Cette démarche garantit que seules les affaires présentant des indices sérieux de malversation ou de mauvaise gestion soient portées à la connaissance de la justice. Entre 2021 et 2025, 77 plaintes ont été adressées à la Cour par la Présidence du Ministère public.
Pourtant, après examen, seules deux ont révélé des faits pouvant engager la responsabilité pénale de leurs auteurs. Ce taux extrêmement faible souligne un phénomène bien connu des magistrats financiers : la majorité des dénonciations reposent sur des soupçons infondés ou des divergences d’interprétation administrative.
En 2024, la Cour des Comptes a reçu 1.650 plaintes, dont seulement 14% ont débouché sur des missions d’audit ou des procédures de poursuite.

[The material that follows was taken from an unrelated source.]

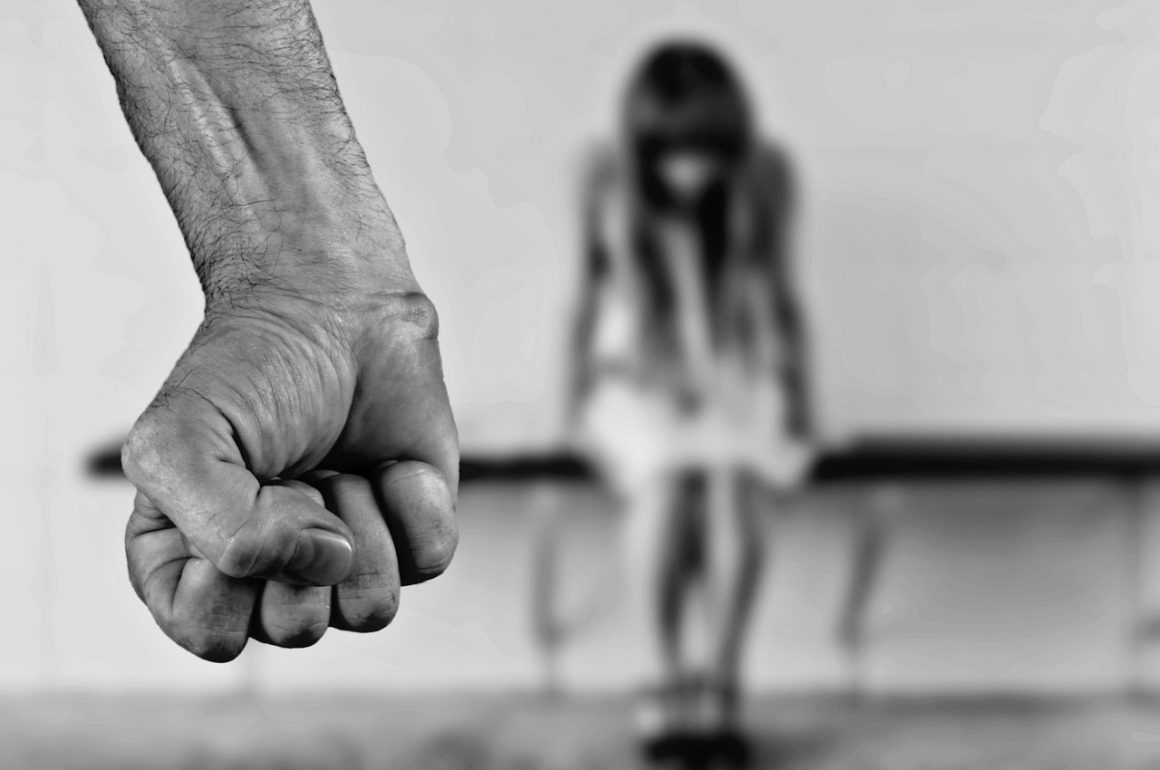 photo characterizing abuse - man's fist in foreground - woman bowing head in background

Une proportion modeste, mais qui témoigne du sérieux du tri opéré par les juridictions financières.
Ces dernières ne se limitent pas à constater les irrégularités ; elles accompagnent aussi les institutions concernées dans la mise en œuvre de mesures correctives, avec un impact financier positif évalué à près de 140 millions de dirhams en 2024.
Une gouvernance publique en mutation
Au-delà des chiffres, le message porté par El Adaoui confirme que le contrôle ne doit pas être perçu comme une sanction, mais comme un levier de performance et de confiance. Pour que ce système gagne en efficacité, elle plaide pour l’adoption d’approches innovantes, capables de renforcer la coordination entre organes de contrôle et d’impliquer davantage les citoyens dans la préservation des deniers publics.
«Chaque citoyen doit devenir un acteur actif du système d’intégrité et de contrôle», a-t-elle insisté, soulignant que la culture de la reddition des comptes repose avant tout sur la conscience collective et la transparence institutionnelle.
La rencontre de Skhirat, organisée conjointement par la Présidence du Ministère public, le Conseil supérieur du pouvoir judiciaire, la Cour des Comptes et l’Inspection générale des Finances, s’inscrit dans cette dynamique. Pendant deux jours, magistrats, auditeurs et responsables publics y ont discuté des synergies à renforcer entre contrôle judiciaire et administratif, mais aussi des voies d’amélioration pour une meilleure gouvernance financière.
À travers cette coopération interinstitutionnelle, le Maroc poursuit son objectif de faire du contrôle des fonds publics un pilier structurant de l’État de droit, garantissant que chaque dirham dépensé serve effectivement l’intérêt général.